======== Records for processing

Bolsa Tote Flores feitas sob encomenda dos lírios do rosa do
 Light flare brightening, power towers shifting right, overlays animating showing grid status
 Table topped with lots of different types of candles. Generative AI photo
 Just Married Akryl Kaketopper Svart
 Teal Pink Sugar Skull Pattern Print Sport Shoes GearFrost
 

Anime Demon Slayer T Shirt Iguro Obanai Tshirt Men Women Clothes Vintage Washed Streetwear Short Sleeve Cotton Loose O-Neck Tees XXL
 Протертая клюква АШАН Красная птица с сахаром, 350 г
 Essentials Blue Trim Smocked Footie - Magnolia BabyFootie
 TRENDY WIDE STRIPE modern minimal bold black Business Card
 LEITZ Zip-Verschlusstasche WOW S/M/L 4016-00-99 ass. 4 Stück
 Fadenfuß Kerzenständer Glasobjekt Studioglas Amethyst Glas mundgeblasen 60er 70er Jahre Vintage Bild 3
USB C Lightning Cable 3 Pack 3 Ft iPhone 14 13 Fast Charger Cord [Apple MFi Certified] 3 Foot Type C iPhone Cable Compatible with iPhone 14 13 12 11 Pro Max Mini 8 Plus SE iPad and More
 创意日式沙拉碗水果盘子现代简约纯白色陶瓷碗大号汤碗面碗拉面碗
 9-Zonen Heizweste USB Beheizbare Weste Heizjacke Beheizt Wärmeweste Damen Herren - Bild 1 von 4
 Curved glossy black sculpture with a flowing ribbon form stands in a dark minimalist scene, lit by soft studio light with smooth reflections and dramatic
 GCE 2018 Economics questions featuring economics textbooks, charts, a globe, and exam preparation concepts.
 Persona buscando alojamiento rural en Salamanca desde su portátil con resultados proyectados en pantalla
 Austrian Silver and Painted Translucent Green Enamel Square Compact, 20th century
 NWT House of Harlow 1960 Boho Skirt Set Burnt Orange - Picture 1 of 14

================

Exercise: Go through the entries above and report every line in which the word "black" appears.

Your response:
 TRENDY WIDE STRIPE modern minimal bold black Business Card
 Curved glossy black sculpture with a flowing ribbon form stands in a dark minimalist scene, lit by soft studio light with smooth reflections and dramatic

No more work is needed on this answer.